TASK ->
Check each line of the entries below for the string "Горбунов"; copy every line where it appears.

DATA EXTRACTS ->
━━━━━━━━━━━━━━━━━━━━

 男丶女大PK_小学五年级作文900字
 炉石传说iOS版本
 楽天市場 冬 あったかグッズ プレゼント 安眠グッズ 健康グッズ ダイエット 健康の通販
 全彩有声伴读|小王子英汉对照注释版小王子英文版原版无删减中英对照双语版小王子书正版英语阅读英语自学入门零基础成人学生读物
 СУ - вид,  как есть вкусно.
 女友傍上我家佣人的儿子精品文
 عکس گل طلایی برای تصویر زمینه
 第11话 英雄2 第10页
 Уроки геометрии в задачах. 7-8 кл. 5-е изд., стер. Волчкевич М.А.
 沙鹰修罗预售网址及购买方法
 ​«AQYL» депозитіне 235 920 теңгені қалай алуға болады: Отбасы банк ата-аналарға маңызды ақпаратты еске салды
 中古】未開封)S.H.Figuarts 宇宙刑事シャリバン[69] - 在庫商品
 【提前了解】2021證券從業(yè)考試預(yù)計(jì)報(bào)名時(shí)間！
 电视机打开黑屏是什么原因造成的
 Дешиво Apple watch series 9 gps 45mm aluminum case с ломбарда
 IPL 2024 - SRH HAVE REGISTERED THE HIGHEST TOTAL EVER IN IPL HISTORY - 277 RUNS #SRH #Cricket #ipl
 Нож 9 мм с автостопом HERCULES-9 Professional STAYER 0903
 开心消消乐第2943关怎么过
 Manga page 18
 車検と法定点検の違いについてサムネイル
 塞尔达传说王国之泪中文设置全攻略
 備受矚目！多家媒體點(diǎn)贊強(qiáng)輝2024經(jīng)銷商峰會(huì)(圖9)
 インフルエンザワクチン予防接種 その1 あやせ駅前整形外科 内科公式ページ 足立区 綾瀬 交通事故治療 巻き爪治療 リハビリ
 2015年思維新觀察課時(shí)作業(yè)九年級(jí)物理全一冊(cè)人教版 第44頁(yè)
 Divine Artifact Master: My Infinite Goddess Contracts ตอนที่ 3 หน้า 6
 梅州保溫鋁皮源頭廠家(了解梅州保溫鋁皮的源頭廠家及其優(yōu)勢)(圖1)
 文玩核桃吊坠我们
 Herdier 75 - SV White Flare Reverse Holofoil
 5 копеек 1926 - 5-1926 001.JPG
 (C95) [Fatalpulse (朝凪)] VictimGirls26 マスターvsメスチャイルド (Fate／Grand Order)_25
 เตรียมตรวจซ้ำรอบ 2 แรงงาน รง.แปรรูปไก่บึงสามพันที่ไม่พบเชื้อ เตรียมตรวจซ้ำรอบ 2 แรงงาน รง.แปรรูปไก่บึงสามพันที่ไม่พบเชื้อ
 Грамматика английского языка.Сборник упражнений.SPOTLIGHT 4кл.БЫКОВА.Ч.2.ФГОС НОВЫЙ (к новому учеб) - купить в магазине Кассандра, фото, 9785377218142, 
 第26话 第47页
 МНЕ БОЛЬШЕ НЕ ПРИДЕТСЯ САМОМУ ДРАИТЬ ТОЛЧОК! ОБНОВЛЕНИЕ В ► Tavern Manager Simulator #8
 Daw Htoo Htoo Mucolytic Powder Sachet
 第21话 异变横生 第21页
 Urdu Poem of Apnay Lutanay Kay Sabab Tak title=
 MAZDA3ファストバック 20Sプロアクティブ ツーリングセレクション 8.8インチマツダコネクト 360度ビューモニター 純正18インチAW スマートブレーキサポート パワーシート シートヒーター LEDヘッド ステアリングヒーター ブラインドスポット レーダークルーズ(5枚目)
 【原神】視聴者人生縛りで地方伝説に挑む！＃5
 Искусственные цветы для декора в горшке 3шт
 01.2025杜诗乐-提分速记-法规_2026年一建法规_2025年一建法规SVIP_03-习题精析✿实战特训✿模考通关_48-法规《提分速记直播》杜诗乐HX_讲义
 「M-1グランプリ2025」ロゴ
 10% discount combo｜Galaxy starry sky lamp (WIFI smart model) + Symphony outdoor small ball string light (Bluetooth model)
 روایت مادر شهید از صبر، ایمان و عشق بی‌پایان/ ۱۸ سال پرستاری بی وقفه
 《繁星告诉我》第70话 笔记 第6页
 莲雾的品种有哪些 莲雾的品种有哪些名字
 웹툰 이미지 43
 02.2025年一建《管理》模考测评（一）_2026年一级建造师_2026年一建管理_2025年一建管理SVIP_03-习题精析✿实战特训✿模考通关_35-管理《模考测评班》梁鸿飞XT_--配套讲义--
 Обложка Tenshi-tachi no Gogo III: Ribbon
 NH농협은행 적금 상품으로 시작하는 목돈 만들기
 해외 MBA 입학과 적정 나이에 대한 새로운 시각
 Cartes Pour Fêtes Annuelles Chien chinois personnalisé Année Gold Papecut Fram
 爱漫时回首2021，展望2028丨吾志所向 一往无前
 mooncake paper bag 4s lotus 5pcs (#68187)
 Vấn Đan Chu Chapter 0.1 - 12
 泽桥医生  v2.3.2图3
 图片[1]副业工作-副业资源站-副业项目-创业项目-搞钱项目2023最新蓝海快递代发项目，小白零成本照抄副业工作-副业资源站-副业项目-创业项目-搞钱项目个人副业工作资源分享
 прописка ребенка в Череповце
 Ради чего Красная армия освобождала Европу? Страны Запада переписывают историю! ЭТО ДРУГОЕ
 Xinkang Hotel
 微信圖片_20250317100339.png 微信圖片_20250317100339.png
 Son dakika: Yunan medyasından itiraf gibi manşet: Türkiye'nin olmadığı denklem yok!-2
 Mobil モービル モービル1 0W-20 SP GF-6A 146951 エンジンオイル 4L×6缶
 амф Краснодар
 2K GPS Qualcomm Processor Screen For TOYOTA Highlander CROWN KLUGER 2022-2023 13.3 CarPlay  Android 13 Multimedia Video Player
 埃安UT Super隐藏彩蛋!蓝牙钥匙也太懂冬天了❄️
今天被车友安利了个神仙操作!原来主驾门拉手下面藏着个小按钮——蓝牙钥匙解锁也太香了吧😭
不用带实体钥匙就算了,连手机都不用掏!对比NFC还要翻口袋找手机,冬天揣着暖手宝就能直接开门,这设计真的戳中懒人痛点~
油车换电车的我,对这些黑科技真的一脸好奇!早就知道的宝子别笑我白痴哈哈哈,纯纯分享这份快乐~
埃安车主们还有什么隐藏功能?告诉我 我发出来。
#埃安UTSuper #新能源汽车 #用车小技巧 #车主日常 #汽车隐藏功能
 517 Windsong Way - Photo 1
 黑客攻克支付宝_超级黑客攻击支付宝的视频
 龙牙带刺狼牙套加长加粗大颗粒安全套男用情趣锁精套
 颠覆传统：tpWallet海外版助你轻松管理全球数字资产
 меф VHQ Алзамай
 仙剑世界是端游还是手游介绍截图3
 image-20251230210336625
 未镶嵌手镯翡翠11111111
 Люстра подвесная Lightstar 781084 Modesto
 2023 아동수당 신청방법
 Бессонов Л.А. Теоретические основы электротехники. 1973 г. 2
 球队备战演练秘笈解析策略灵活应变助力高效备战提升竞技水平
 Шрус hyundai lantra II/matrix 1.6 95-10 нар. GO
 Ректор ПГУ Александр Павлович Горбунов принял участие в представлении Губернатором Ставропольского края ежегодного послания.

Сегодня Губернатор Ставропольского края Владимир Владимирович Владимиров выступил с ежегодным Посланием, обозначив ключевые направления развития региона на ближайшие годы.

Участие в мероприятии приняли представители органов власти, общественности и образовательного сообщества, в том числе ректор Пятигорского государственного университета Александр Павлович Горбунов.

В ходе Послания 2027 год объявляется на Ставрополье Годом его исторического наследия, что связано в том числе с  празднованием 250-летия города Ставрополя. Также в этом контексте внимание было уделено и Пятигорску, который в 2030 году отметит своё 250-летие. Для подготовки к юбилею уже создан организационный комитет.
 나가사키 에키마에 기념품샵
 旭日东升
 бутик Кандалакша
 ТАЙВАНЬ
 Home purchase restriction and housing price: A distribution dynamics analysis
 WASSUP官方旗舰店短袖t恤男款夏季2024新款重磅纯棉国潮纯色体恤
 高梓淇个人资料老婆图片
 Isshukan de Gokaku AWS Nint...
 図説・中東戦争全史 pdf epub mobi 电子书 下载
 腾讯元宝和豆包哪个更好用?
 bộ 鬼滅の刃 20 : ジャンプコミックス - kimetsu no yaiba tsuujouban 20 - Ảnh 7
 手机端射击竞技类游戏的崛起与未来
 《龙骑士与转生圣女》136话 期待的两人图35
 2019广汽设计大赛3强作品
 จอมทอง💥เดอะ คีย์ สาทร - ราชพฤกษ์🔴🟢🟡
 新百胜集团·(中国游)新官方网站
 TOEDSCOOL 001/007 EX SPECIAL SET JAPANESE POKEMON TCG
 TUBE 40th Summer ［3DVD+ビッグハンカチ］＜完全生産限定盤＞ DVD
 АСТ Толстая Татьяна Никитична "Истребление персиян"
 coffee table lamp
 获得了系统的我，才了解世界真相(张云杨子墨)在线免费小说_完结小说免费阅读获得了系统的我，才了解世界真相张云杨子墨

━━━━━━━━━━━━━━━━━━━━

ANSWER FOR THIS EXERCISE ->
 Ректор ПГУ Александр Павлович Горбунов принял участие в представлении Губернатором Ставропольского края ежегодного послания.
Участие в мероприятии приняли представители органов власти, общественности и образовательного сообщества, в том числе ректор Пятигорского государственного университета Александр Павлович Горбунов.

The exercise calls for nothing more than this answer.